* _WORK INSTRUCTION_
Output every line of the data exactly as it appears.

□ □ □

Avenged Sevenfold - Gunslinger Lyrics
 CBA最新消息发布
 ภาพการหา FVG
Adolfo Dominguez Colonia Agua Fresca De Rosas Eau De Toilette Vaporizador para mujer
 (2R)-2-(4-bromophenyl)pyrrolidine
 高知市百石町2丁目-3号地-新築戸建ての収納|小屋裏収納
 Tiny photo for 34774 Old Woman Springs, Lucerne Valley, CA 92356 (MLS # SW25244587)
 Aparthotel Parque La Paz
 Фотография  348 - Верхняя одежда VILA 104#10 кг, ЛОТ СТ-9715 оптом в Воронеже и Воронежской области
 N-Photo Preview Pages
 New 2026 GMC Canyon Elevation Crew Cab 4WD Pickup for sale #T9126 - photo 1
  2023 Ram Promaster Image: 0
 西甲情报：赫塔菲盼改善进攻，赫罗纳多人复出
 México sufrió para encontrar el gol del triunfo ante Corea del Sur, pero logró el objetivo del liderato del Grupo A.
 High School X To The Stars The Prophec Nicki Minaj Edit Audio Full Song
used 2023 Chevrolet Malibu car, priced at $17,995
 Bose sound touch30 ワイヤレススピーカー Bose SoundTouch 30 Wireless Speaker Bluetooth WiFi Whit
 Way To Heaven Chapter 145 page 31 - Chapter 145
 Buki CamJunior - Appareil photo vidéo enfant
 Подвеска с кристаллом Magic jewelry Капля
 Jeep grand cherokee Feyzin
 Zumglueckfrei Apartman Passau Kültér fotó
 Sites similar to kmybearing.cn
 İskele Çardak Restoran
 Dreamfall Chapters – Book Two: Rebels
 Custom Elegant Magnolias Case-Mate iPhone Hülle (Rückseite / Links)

□ □ □

* _EXERCISE RESULT_
Avenged Sevenfold - Gunslinger Lyrics
 CBA最新消息发布
 ภาพการหา FVG
Adolfo Dominguez Colonia Agua Fresca De Rosas Eau De Toilette Vaporizador para mujer
 (2R)-2-(4-bromophenyl)pyrrolidine
 高知市百石町2丁目-3号地-新築戸建ての収納|小屋裏収納
 Tiny photo for 34774 Old Woman Springs, Lucerne Valley, CA 92356 (MLS # SW25244587)
 Aparthotel Parque La Paz
 Фотография  348 - Верхняя одежда VILA 104#10 кг, ЛОТ СТ-9715 оптом в Воронеже и Воронежской области
 N-Photo Preview Pages
 New 2026 GMC Canyon Elevation Crew Cab 4WD Pickup for sale #T9126 - photo 1
  2023 Ram Promaster Image: 0
 西甲情报：赫塔菲盼改善进攻，赫罗纳多人复出
 México sufrió para encontrar el gol del triunfo ante Corea del Sur, pero logró el objetivo del liderato del Grupo A.
 High School X To The Stars The Prophec Nicki Minaj Edit Audio Full Song
used 2023 Chevrolet Malibu car, priced at $17,995
 Bose sound touch30 ワイヤレススピーカー Bose SoundTouch 30 Wireless Speaker Bluetooth WiFi Whit
 Way To Heaven Chapter 145 page 31 - Chapter 145
 Buki CamJunior - Appareil photo vidéo enfant
 Подвеска с кристаллом Magic jewelry Капля
 Jeep grand cherokee Feyzin
 Zumglueckfrei Apartman Passau Kültér fotó
 Sites similar to kmybearing.cn
 İskele Çardak Restoran
 Dreamfall Chapters – Book Two: Rebels
 Custom Elegant Magnolias Case-Mate iPhone Hülle (Rückseite / Links)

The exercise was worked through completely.